#### [Exercise]
Look through the lines below, find those with the word "Funny", and copy them.

================

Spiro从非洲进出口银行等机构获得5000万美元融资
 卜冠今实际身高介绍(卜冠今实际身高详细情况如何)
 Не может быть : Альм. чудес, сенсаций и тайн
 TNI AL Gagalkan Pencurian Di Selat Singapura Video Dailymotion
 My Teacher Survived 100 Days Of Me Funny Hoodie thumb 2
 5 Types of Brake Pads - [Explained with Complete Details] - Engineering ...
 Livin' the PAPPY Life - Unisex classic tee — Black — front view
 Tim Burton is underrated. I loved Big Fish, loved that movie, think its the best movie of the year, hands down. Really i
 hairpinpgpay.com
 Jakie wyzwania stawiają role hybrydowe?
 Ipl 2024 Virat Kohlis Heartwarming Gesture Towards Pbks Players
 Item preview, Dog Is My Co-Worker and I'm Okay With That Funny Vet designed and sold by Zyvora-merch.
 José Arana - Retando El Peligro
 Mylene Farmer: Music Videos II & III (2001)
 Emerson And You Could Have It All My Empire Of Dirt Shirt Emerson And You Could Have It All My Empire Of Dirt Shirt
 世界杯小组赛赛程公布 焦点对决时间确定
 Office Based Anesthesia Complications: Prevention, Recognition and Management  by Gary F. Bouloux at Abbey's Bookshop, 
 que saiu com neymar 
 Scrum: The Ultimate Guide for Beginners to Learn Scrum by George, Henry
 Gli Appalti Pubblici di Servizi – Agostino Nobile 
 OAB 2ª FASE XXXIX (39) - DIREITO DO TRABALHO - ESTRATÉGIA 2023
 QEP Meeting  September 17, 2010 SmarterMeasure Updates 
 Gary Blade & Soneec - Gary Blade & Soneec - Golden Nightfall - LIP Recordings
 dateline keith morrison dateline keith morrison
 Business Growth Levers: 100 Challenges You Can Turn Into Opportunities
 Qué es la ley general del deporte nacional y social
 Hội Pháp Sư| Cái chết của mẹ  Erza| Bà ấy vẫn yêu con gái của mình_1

================

#### [Response to this task]
 My Teacher Survived 100 Days Of Me Funny Hoodie thumb 2
 Item preview, Dog Is My Co-Worker and I'm Okay With That Funny Vet designed and sold by Zyvora-merch.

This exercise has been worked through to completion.